Opinion / James Chambers
A quiet place
During one of my first Monocle reporting trips to Bangkok, I remember being in a bar and trying to talk about the king before being quickly and vociferously shushed by my local companion. It was both an eye-opening and mouth-closing experience. I knew that Thailand’s lèse-majesté laws were strict but not that strict. Since then I’ve become accustomed to seeing Thai friends and interviewees point up at the sky instead of naming the monarch in public, or make coded references to Rama X as “Justin” for his Bieber-like body tattoos. As a visitor I’ve been forced to play along with this charade too, so coming back to Hong Kong was always a breath of fresh air and of free speech; we literally could say anything. Not any more.
One year after the introduction of the National Security Law, similar habits are beginning to creep in at home. Voices are lowered in restaurants whenever the NSL is mentioned with a waiter in earshot and hushed conversations are had in the back of taxis about friends moving to the UK; one woman recently told me that in the post-NSL era her husband simply refuses to talk about Beijing outside of their own apartment. Paranoia or a necessary precaution? Right now, we just don’t know. The police run a tip-off line that encourages the public to report any suspected national security violations. Apparently it has been ringing off the hook.
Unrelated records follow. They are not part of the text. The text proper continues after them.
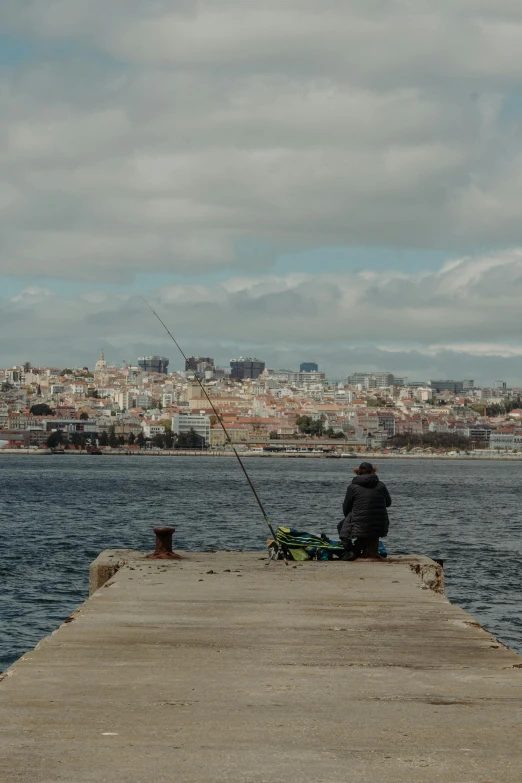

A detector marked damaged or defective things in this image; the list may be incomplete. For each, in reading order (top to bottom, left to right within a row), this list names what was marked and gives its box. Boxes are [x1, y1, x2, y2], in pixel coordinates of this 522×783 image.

rusty bollard [146, 528, 183, 556] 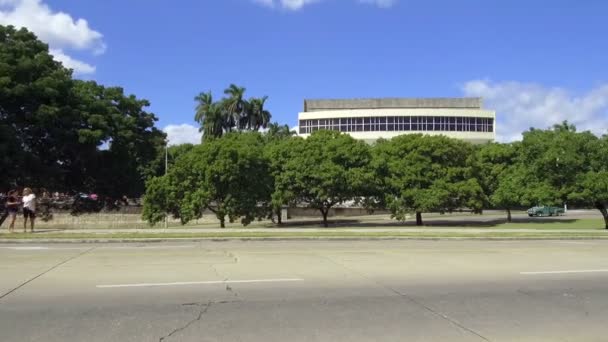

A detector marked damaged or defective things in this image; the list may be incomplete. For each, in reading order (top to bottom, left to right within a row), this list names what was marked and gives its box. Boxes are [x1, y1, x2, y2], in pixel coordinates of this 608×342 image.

cracked asphalt [1, 239, 608, 340] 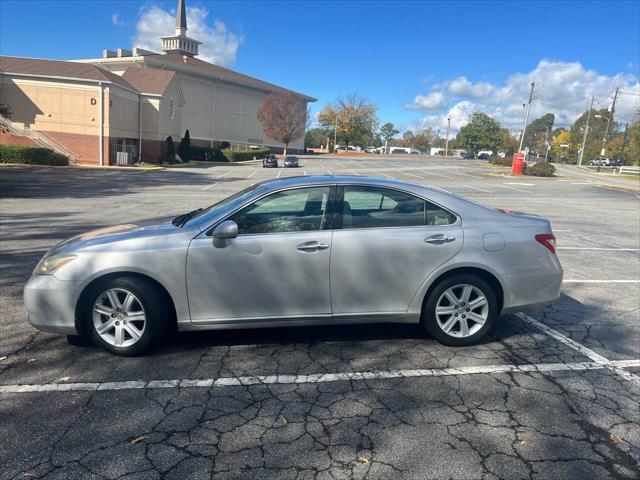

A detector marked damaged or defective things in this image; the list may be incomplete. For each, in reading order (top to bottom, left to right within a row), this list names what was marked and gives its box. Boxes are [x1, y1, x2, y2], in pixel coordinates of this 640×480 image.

patched pavement [1, 159, 640, 478] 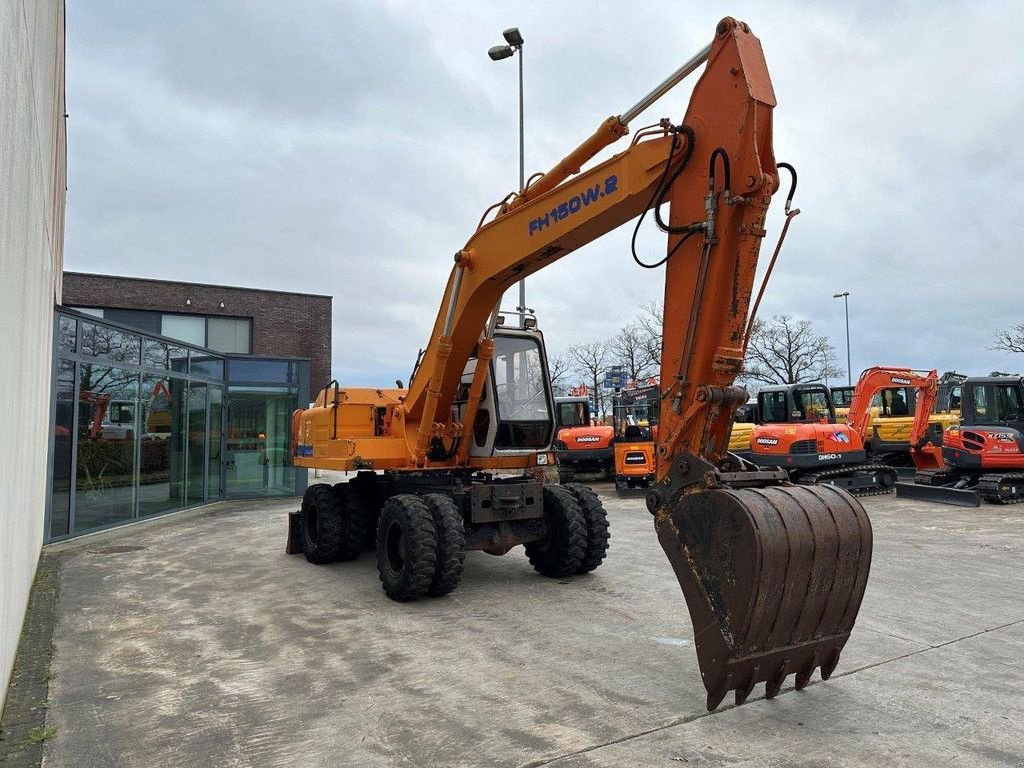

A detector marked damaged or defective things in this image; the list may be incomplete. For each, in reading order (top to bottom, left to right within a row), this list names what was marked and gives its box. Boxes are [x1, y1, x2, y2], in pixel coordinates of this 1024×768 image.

rusty bucket [656, 484, 872, 712] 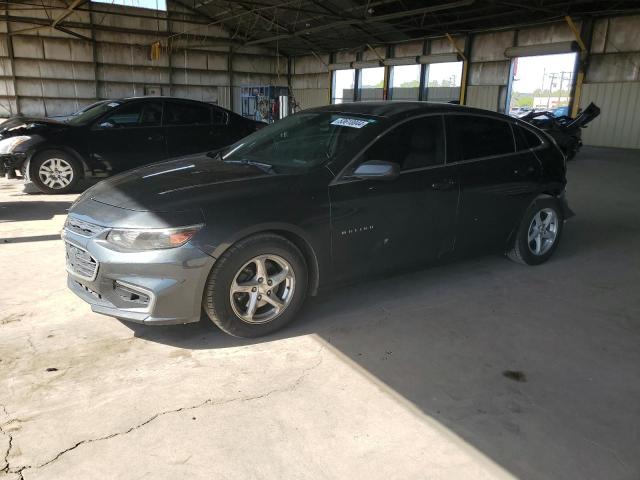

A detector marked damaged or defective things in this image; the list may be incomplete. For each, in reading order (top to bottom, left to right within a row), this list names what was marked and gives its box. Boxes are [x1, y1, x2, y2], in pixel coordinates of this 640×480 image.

crack in concrete [2, 344, 328, 474] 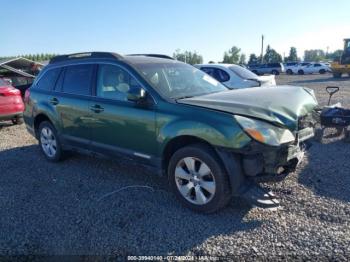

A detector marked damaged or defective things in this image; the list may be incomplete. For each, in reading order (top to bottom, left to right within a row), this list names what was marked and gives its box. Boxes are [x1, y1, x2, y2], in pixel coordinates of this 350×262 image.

crumpled hood [179, 85, 318, 130] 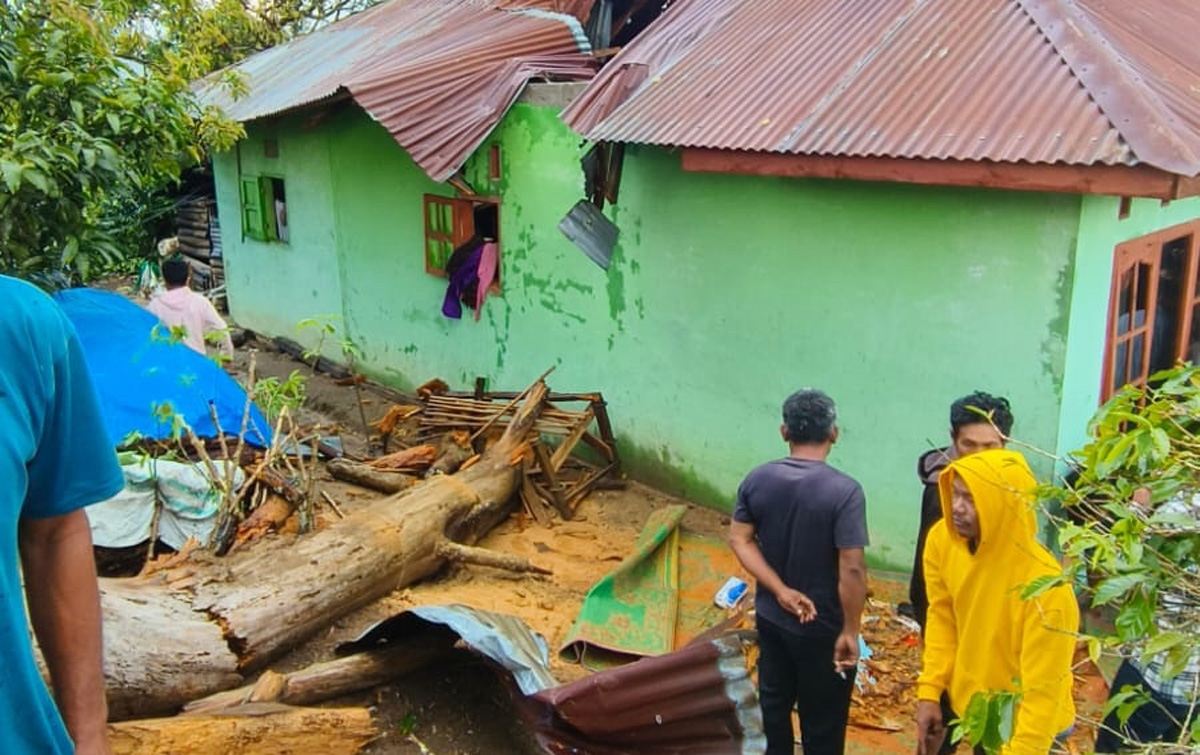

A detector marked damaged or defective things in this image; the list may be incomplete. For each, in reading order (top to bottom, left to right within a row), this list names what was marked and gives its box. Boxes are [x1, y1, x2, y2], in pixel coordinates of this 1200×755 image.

rusty corrugated metal roof [196, 0, 600, 181]
damaged house wall [211, 90, 1094, 571]
cracked green wall [216, 101, 1089, 571]
damaged house [196, 0, 1200, 568]
rusty corrugated metal roof [561, 0, 1200, 177] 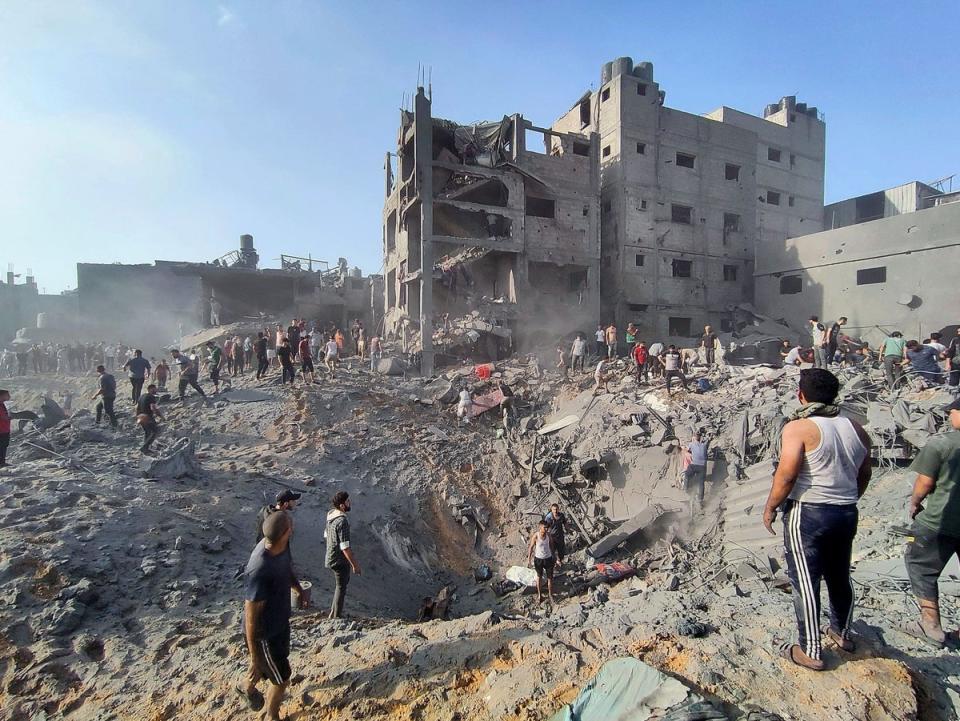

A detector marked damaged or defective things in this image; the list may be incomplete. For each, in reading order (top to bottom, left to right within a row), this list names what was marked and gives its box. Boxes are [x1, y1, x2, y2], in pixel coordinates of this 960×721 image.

damaged facade [382, 87, 600, 374]
damaged facade [552, 56, 828, 340] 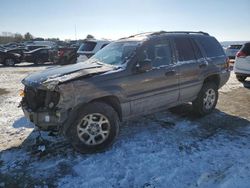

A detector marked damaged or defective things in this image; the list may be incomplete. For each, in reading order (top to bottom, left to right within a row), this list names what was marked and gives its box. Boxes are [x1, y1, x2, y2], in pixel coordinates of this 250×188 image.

damaged vehicle [20, 31, 229, 153] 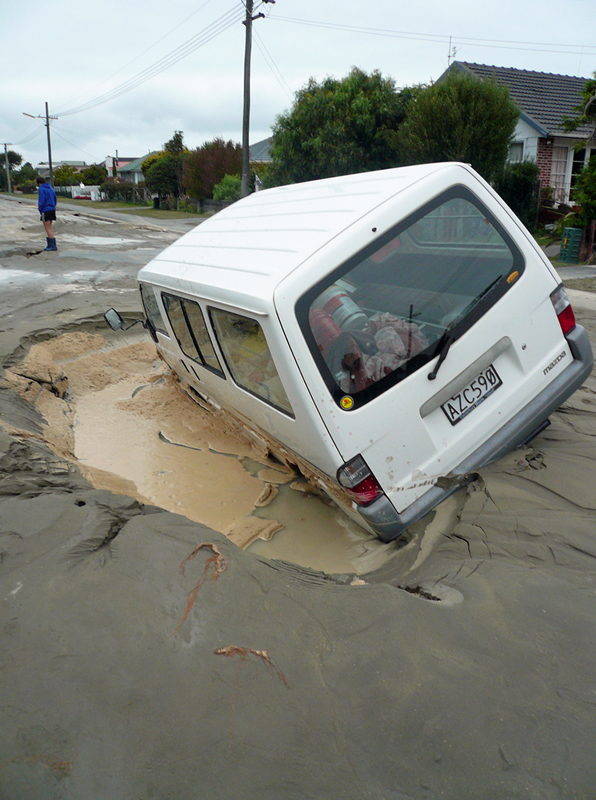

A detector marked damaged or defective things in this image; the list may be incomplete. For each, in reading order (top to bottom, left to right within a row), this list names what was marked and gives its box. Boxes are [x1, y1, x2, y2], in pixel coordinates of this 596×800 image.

For all we know, there could be a lot of suspicious cats stuck up trees, conspiring to take down the government. So we go on laughing at ourselves for acting ridiculously. Chatting about Xi Jinping is not a crime. But the fear spreads. Last week I watched and waited as my formerly level-headed lunch guest insisted on switching off his phone before indulging me in a business-related natter about China – something I had only ever witnessed on the mainland. Such small, subtle changes of behaviour will probably go unnoticed by most visitors to Hong Kong; unless, that is, they also get shushed by a friend for talking too loudly about our own version of the Thai king. If that day comes to Hong Kong, it really would be unspeakable.